You also need to consider which asset classes you're interested in: residential real estate, commercial real estate, vacant land, short-term rentals, and the list goes on.
Step 3: Build your team
The team sport aspect of real estate investing doesn't stop with your network. You now need a stellar real estate investing team around who helps you with all aspects of your business. This includes a lawyer, accountant, handy person, broker, real estate agent, and banker.
I've gone through dozens of these team members over the years, so don't be shy to try new ones if some don't work out. Where possible, you need to ensure that each team member has proven experience in the rental property real estate world.
For instance, a lawyer who is only used to real estate for primary residences will not be familiar with the nuances of investment property deals, negotiation, and leasing. The same is true for accounting, which will directly affect your bottom line if that professional isn't well-versed in depreciation and all the deductions real estate investors are entitled to.
Step 4: Execute
Now's the time to take action. Many beginner investors freeze up at this point. The idea is to take informed action and not get caught up in analysis paralysis. Here are some of the steps you should research and become comfortable with before executing your first investment.
Analyze: You need to make sure that after all the bills are paid, there's some money left over in the account. Simple as that. To understand how to analyze a property to uncover this, learn more about developing a proforma using a spreadsheet or software. This is the most important step in your investing journey. Will market rents cover all expenses, and then some?

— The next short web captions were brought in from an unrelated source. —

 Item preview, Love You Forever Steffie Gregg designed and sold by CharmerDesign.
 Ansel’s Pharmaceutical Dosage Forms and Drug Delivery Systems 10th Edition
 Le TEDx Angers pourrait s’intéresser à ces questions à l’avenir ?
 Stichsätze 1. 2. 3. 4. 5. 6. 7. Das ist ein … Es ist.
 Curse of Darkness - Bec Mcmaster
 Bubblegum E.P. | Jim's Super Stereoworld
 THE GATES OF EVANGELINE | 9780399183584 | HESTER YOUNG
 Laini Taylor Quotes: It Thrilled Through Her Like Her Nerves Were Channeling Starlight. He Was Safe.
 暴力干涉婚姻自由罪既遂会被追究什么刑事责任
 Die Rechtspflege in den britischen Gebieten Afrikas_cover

Purchase: Using your newly established team, you can begin to put offers on properties that, through your analysis, you know will make good investments.
Stabilize: Investment property forecasting takes a bit of informed guesswork. Once you have the asset, now you get a better sense of the actual expenses and income on an ongoing basis. Record these, and use them for your analysis of future acquisitions.
Systemize: Document everything! Create to-do lists\ and lessons learned documents and start to build out your investment management as you would any other business -- using systems. Down the road, as you grow and maybe add more team members, you'll be extremely thankful you document and use systems.
Step 5: Revise, repeat, grow
The feedback loop on real estate investing can be long, and sometimes costly. As you learn lessons, and you'll learn a lot of them, revise your previous assumption or system to ensure that you don't repeat any of those mistakes.
In terms of wealth generation, becoming a successful investor in real estate is one of the best strategies to deploy. There is an old adage that more millionaires and billionaires have been created through this investment vehicle than all others.
Hyperbole aside, real estate is the best strategy I have found to date for creating financial independence and flexibility. You need to educate yourself and surround yourself with like-minded people and those who are executing at a level you aspire to. After you have your network, team, and knowledge, it's time to execute.
Everyone makes mistakes, and your first journey into the real estate investing world will be no exception to this rule. The key to being a successful real estate investor is considered and constant action-taking.